Private American grant-making foundation

The Mercer Family Foundation is a private grant-making foundation in the United States. As of 2013, it had $37 million in assets. The foundation is run by Rebekah Mercer, the daughter of computer scientist and hedge fund manager Robert Mercer.

Under Rebekah’s leadership, the family foundation invested about $70 million into conservative causes between 2009 and 2014. Focusing on public policy, the foundation has donated to veterans charities and groups critical of climate change activism.

==Activities==
The foundation's main interests are in the fields of public policy, higher education, and science.

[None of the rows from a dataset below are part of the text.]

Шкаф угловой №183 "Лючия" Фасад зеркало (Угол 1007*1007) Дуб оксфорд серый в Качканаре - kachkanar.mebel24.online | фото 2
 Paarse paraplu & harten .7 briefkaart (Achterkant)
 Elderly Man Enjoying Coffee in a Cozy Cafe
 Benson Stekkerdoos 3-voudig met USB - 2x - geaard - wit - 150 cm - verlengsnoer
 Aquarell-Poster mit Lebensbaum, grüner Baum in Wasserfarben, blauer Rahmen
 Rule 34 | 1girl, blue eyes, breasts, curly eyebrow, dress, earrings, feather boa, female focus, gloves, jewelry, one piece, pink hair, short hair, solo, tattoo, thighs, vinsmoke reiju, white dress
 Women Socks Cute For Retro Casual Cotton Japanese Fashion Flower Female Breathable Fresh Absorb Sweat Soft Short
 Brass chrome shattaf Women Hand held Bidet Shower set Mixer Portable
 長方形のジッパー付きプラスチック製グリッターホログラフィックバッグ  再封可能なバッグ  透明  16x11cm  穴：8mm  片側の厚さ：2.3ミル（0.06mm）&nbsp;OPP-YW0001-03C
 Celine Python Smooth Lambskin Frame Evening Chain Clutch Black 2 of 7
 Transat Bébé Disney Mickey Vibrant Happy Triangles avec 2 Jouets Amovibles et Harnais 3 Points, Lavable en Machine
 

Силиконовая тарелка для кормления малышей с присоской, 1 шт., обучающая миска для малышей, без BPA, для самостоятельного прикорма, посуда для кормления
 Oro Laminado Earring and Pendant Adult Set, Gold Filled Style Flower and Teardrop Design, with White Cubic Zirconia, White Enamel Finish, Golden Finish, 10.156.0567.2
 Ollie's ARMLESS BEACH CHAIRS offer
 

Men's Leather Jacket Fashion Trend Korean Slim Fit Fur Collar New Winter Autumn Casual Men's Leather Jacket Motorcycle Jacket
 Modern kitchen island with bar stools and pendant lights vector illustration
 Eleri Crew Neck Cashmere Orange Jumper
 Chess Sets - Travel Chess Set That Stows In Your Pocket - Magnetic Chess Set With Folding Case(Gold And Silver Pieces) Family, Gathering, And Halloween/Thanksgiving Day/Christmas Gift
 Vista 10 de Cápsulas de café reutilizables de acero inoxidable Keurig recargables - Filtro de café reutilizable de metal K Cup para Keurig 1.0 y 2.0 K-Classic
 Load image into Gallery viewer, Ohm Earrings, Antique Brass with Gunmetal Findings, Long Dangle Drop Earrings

The foundation has donated to organizations and institutions, including The Heritage Foundation, Illinois Policy Institute, Heartland Institute, and SUNY Stony Brook. Mercer provides funding to the Home Depot Foundation, whose mission is to "improve the homes and lives of U.S. military veterans and their families."

The Mercer Family Foundation has lobbied against efforts to fully fund the Internal Revenue Service.

The organization has been linked to the funding of Donald Trump and other U.S. far-right entities. Similar allegations have been made about links to members of the UK government.